Last night I wondered what country I was in. I talked to waiters and shopkeepers and noticed half the souvenir stores sold Tibetan handicrafts, jewelry and paintings. Good Lord, the whole cliff side is covered with souvenir stores, all selling the same crap: chunky jewelry looped over white mannequin necks, Kingfisher beer T-shirts, sarongs and saris of every color and print imaginable, rope bracelets, sandals, those ugly Ali Baba pants that look awful anywhere but in an Indian village or Halloween party. Indiaphiles think they make them look like a local — while they sit in cafes and eat omelettes.

And Varkala was dead. Couples dined quietly by candlelight at the dozens of restaurants selling the same insane mix of Indian, Tibetan, Western, Chinese. I even saw Israeli dishes posted on a menu. The Big Apple Cafe had Sinatra blaring from a loudspeaker filling an open-air dance floor populated by just one really bored D.J. I wrote down some notes outside the equally flaccid Rock N’ Roll Cafe (“Eat. Play. Relax,” read the sign in a bastardization of Elizabeth Gilbert’s book, “Eat. Pray. Love.”) and a gay who could change a $9 into threes cooed, “Why are you writing?”

This has gone from paradise to a tourist trap. I don’t regret coming here. One look down the cliff and hearing those waves hit the beach as I’m writing this tells me I found the perfect place to chill. But of all the Indias, I may have found the phoniest.

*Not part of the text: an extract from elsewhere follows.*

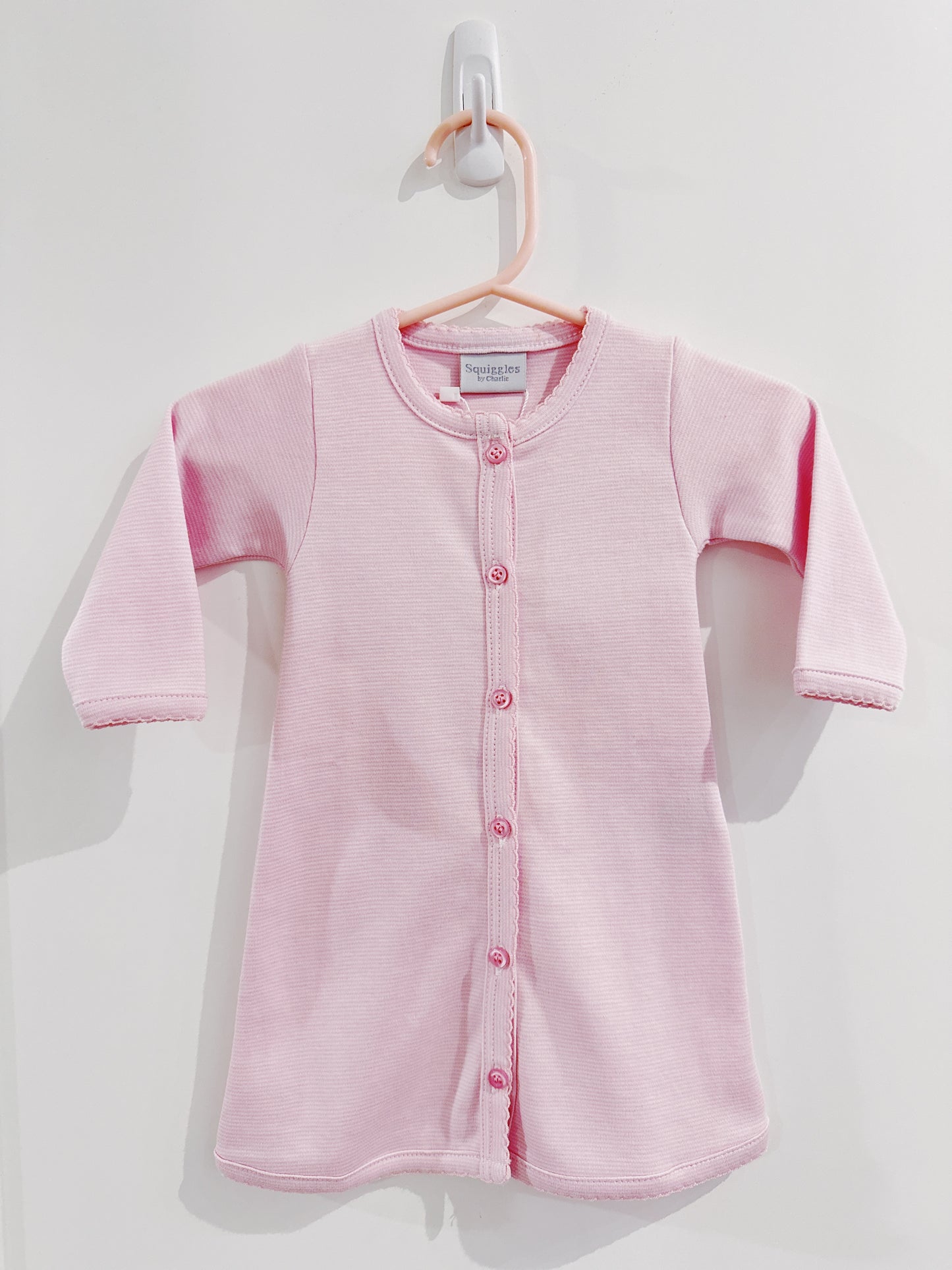 Open Bottom Day Gown- Pink Stripe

But I have two weeks in Kerala. I have yoga to try, meditation to contemplate, a cooking class to taste. There are backwater canoe trips, game reserves and homestays. I don’t know if Varkala is the real India but, as they say in meditation, what is reality? What is the real India? What is the real Rome? It’s what we make it. If you keep an open mind, even the most plastic of experiences becomes tangible, like a dirty shell that’s polished enough to place on your mantle.

India is overwhelming if you think about it. I’ll take this little corner of it and make it my India.